### Supplied material
---
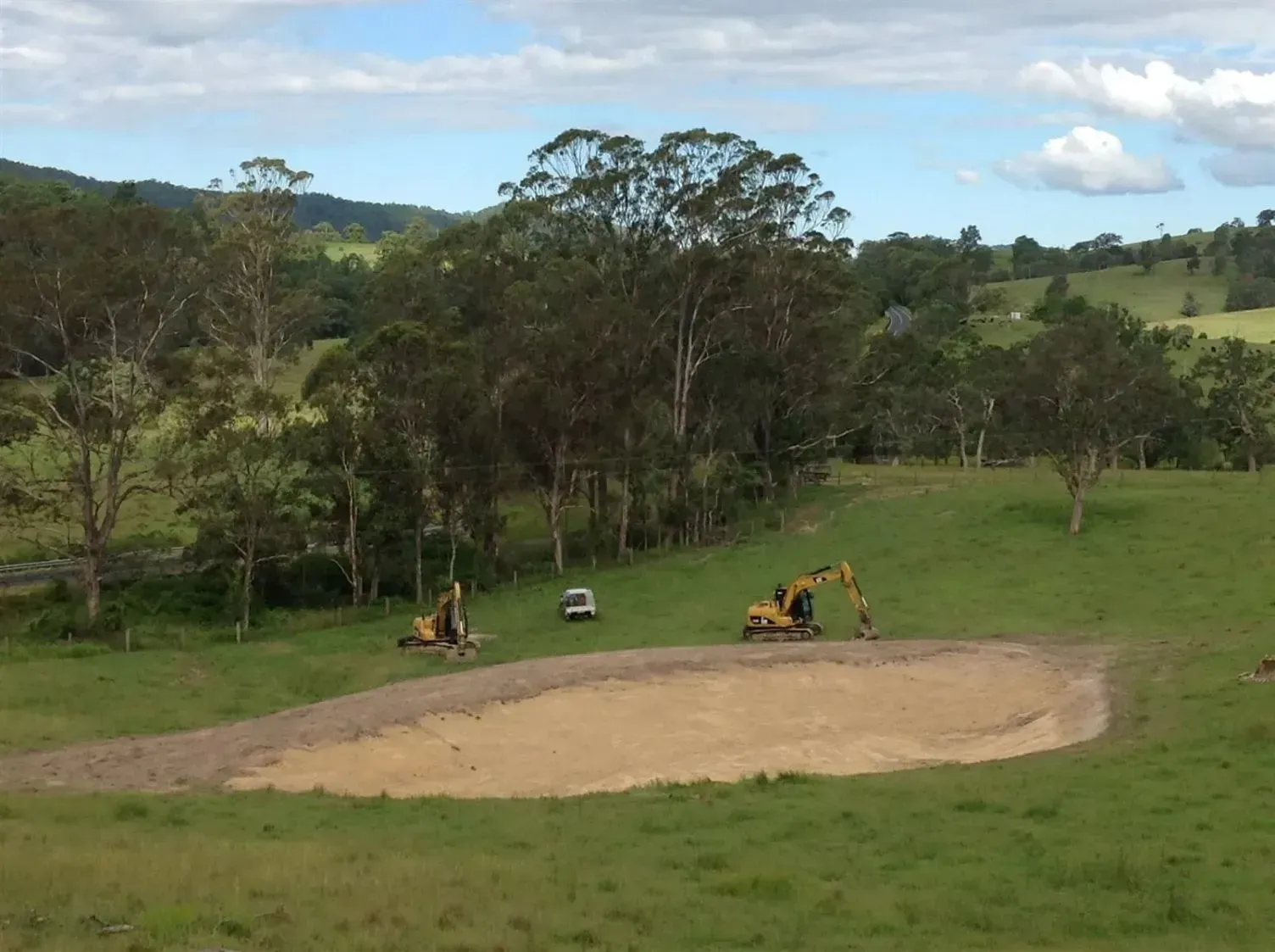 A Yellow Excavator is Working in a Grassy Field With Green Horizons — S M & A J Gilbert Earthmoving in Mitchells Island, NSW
---
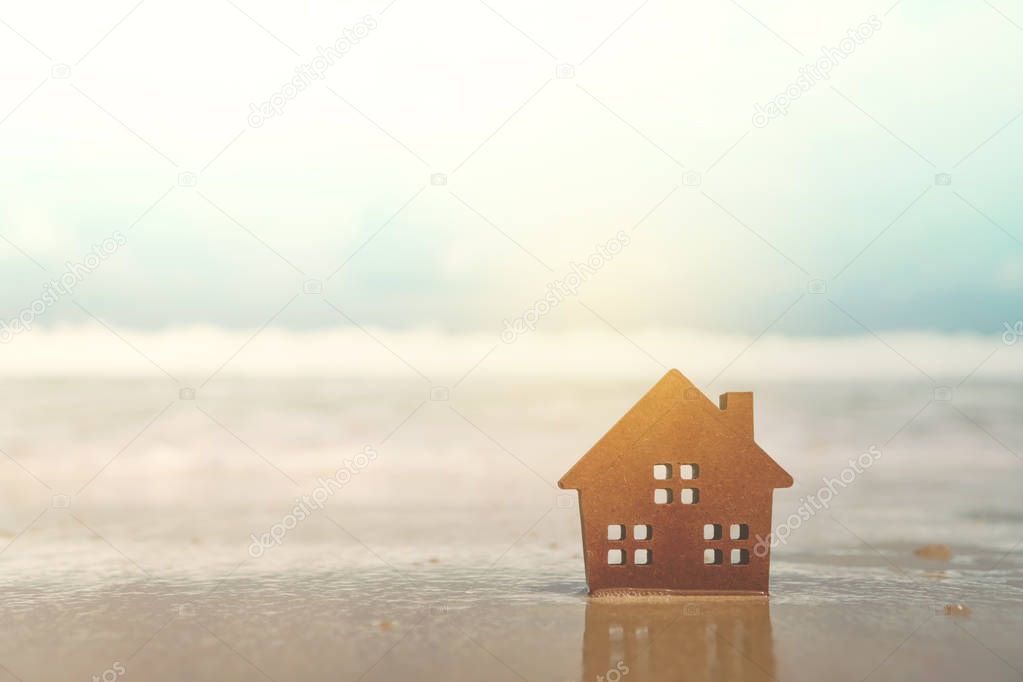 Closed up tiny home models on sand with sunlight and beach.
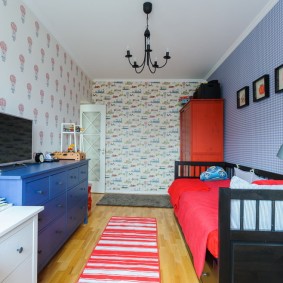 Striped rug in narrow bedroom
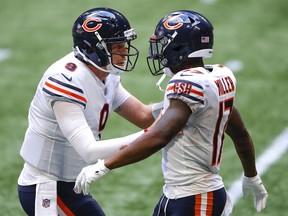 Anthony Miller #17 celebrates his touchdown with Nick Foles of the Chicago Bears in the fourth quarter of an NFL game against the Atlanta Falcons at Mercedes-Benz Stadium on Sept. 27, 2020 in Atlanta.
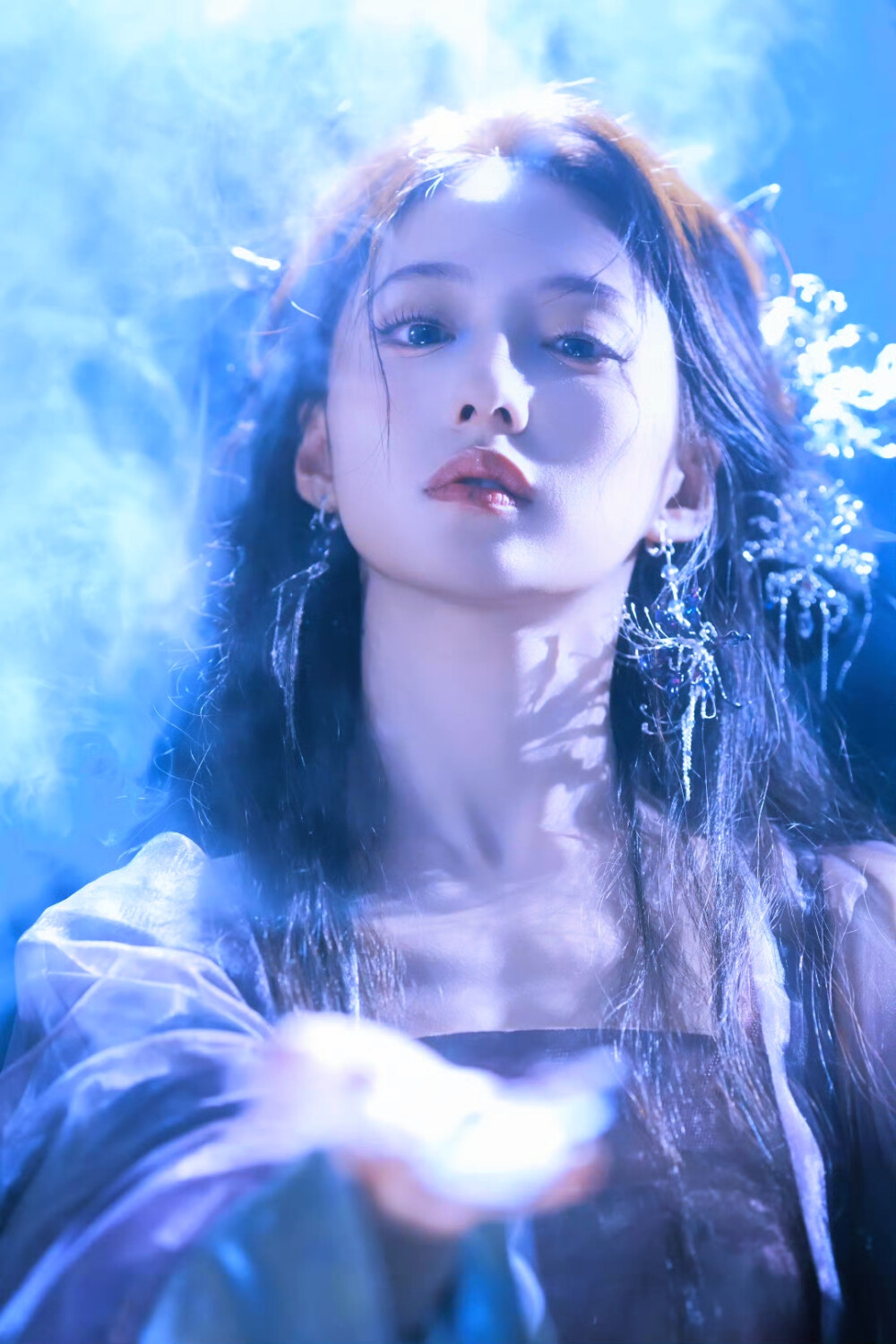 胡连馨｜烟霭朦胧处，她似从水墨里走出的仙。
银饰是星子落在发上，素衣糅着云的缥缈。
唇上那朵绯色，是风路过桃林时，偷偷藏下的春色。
---
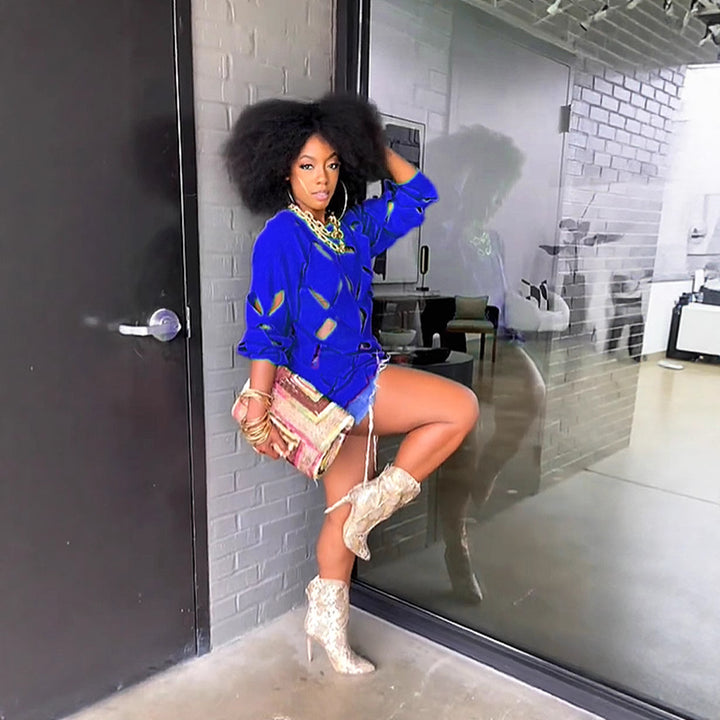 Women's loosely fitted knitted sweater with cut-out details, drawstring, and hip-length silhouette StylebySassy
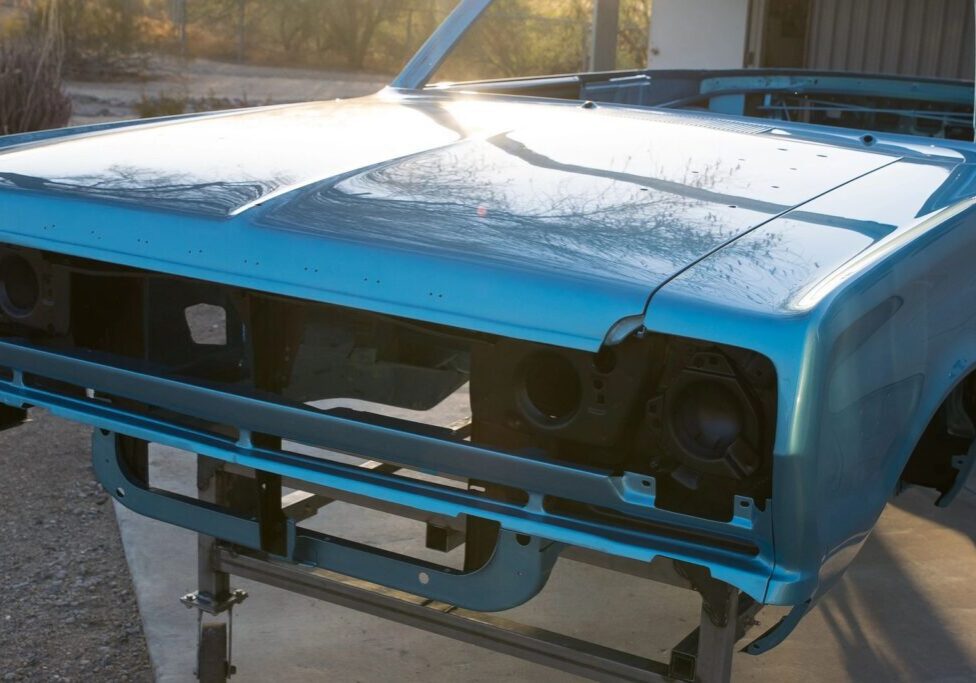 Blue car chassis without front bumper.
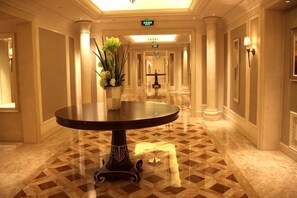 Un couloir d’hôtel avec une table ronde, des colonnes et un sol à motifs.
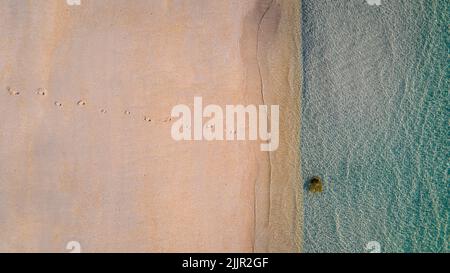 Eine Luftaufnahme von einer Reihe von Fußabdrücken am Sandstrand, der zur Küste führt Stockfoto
---
### Your goal
Among the records above, locate the line containing "胡连馨｜烟霭朦胧处，她似从水墨里走出的仙。" and the line containing "唇上那朵绯色，是风路过桃林时，偷偷藏下的春色。", then transcribe exactly the lines starting at the first and ending at the second, with no pictures.

### Solution below
 胡连馨｜烟霭朦胧处，她似从水墨里走出的仙。
银饰是星子落在发上，素衣糅着云的缥缈。
唇上那朵绯色，是风路过桃林时，偷偷藏下的春色。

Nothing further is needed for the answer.